"Freedom from Illusion: The Book of Ego" - Rajneesh Osho
This book is helpful for everyone. It helps to understand what a person's ego is, to notice it in yourself, and when you understand this, it becomes easier for you to work and live. You start to respect other people and yourself more.
"How to Stop Worrying and Start Living"- Dale Carnegie
There are a lot of examples of different anxiety, different people, from their own experience, how they coped with it, what it led to and what it can lead you to. The book is quite popular, probably everyone knows it, but few read it, because they thought they did not experience such a feeling. But everyone has it. Absolutely.
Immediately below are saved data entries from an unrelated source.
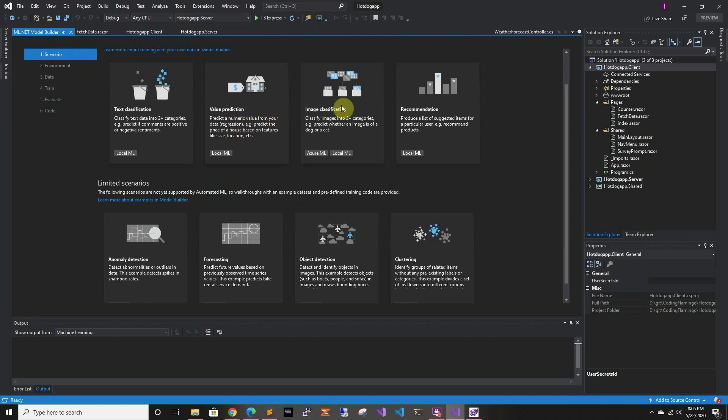Image classification is what we're going to use today. You just give it a bunch of sample images in different folders — for example, in the docs they give an example of dogs or cats, where you have a folder of dog pictures and a folder of cat pictures, upload a picture, and it will tell you whether it's a dog or a cat. And recommendations — that's what Amazon uses to suggest stuff you might like on their site.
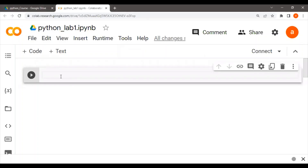Welcome, everyone. Let's start. Today we will begin with the first lab — we will talk about how to deal with numbers in Python. There are various types of numbers like integers, floating points, and more. So we start with integers.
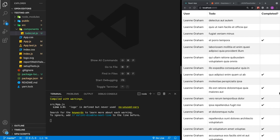This is the application. As I mentioned, it uses JSON Placeholder to make two requests — one to get to-dos and one to get the users. The data is then displayed in this table.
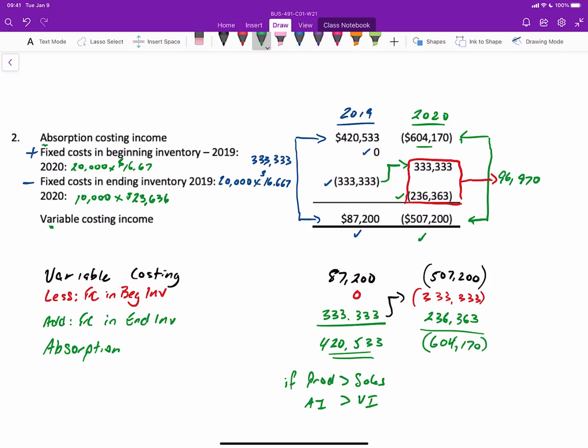In this case, production is less than sales. And when you have that, the absorption income is lower than the variable income. And that's what we have here. Because if your sales is more than you produce, then you have to draw down your inventory from the balance sheet. And then those costs, those fixed costs that were absorbed and stored into inventory now have to be expensed, resulting in a lower income. And that's how you reconcile between variable and absorption costing.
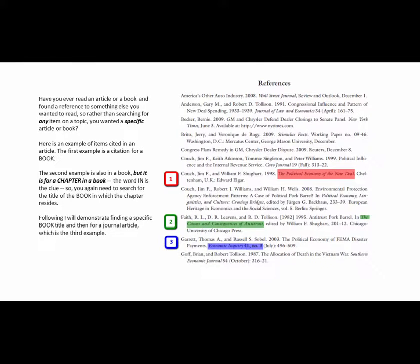Have you ever read an article or a book and found a reference to something else you wanted to read, so that rather than searching for any item on a topic, you wanted a specific article or book?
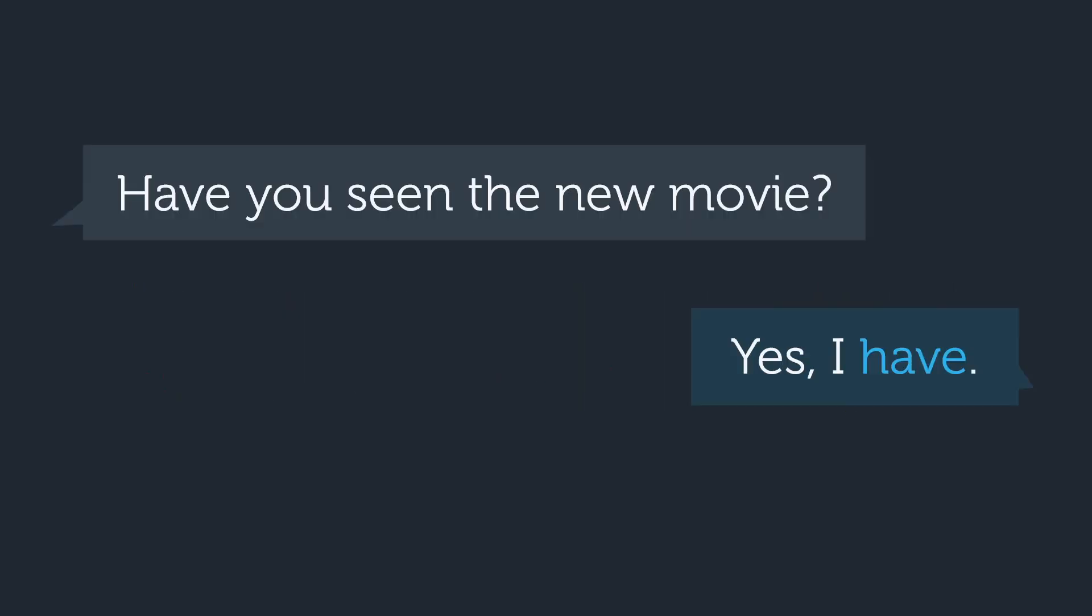What if you were having a conversation with a friend? They ask you, have you seen the new movie? And you answer, yes, I have. Could you use the contraction I've here instead? As always, look at what comes after the word have. In this case, there's nothing. Have is at the end of the sentence. Nothing is not a verb, so no, you can't say yes, I've.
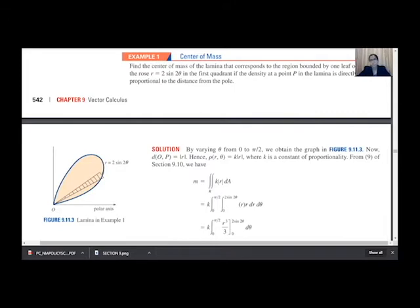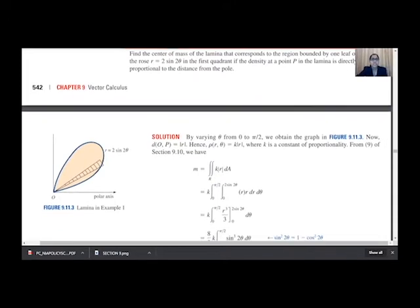Here we are going to determine the center of mass in terms of polar coordinates. If you see figure 9.9.3, they have given the one leaf of the rose which we have to consider: r = 2sin(2θ). This is the lamina we have to consider. Now we need to know the density function ρ(x,y), and instead of ρ(x,y) we will determine ρ(r,θ), converting x and y in terms of r and θ.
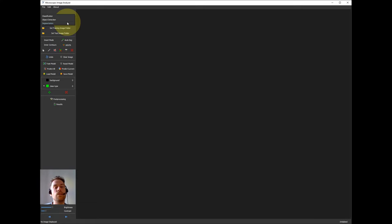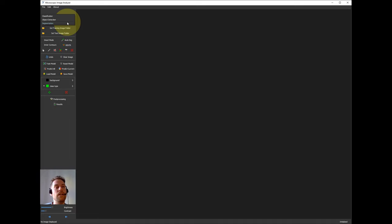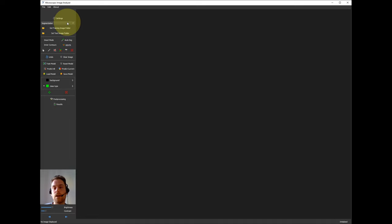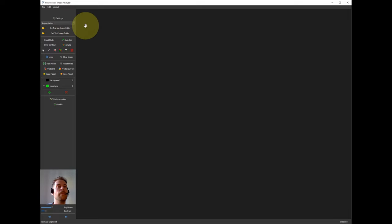Or, and this is what I'm showing today, segmentation. Segmentation is that each pixel in an image is assigned to a certain class value.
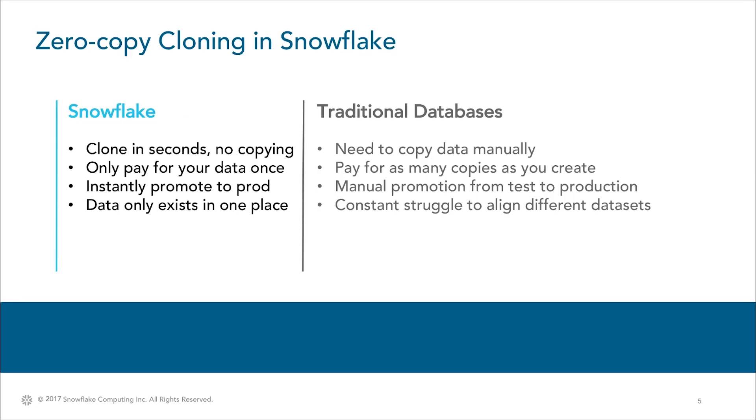Now, in less than two minutes, we've cloned our database without copying, replaced an error in a table, tested the table, brought it back into production, and confirmed that everything is exactly as expected. This is the type of power that zero copy cloning gives you in Snowflake.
"Rework", "Remote", "It Doesn't Have to Be Crazy at Work" – Jason Fried, David Hensson
A very cool series about the approach to work from the guys from Basecamp. "Rework" is about the approach to business. “Remote” is about remote work, a very cool book, it was literally ahead of its time. “Don’t go crazy at work” is about how to find a balance between work and home. In some places, the book, of course, is contradictory, because the guys say: “I got up at 6 o’clock and went home!”, But I can’t do that. At the same time, right now, I realize that I read it almost a year ago, and since then something has changed in my thinking, I began to understand more what they were talking about. If you don't want to read all three, start with the last one. Very, very, very recommended.
"Freakonomics", "When to Rob a Bank" – Steven Levitt, Steven Dubner
These are books about non-standard solutions to situations and how people draw the wrong conclusions. Help develop thinking. Levitt and Dubner are cool guys who say really cool things.
"Getting Things Done" - David Allen
This is the story of the inbox. It has changed my life a lot, in terms of comfort, stress and work with tasks.
"How to Win Friends and Influence People"- Dale Carnegie
A book about communication, about the fact that you need to pay attention to people in order to create reliable connections, friendships, etc. I read it at the age of twelve, and it made a strong impression on me that has not gone away to this day.
"The Goal: A Process of Ongoing Improvement" - Eliyahu M. Goldratt
A book about systems constraint theory and productivity. The bottom line is that there are some things that need to be done first, and these are always some major limiting factors.
"Essentialism: The Disciplined Pursuit of Less" by Greg McKeon
The book has a second title - "The Conscious Desire to Do Less". You need to get used to the idea that there is no lack of time. There is a lack of priorities. This is a critical shift that must occur for every person.
"The 4-Hour Workweek", "Tools Of Titans: The Tactics, Routines, and Habits of Billionaires, Icons, and World-Class Performers" - Tim Ferriss
Tim Ferriss has a podcast where he tries to decompose the effectiveness of every person he invites (be it Schwarzenegger or the CrossFit world champion or the founder of Instagram). Then he just took all these things and distilled them into tips in the book "Tools Of Titans". You open and read it like an encyclopedia. And in The 4-Hour Workweek, he gives a huge number of different tools and tactics for personal effectiveness.
"Ready For Anything: 52 Productivity Principles for Work and Life" - David Allen
It is very short, written as a set of advice chapters. There is nothing superfluous, no stories, no personal biography, as authors like to write. It's just a bunch of tips.
"The Subtle Art of Giving a Fuck" - Mark Manson
I really like this book, because there are a huge number of examples from his life, or from the life of some corporal in the Japanese army during World War II.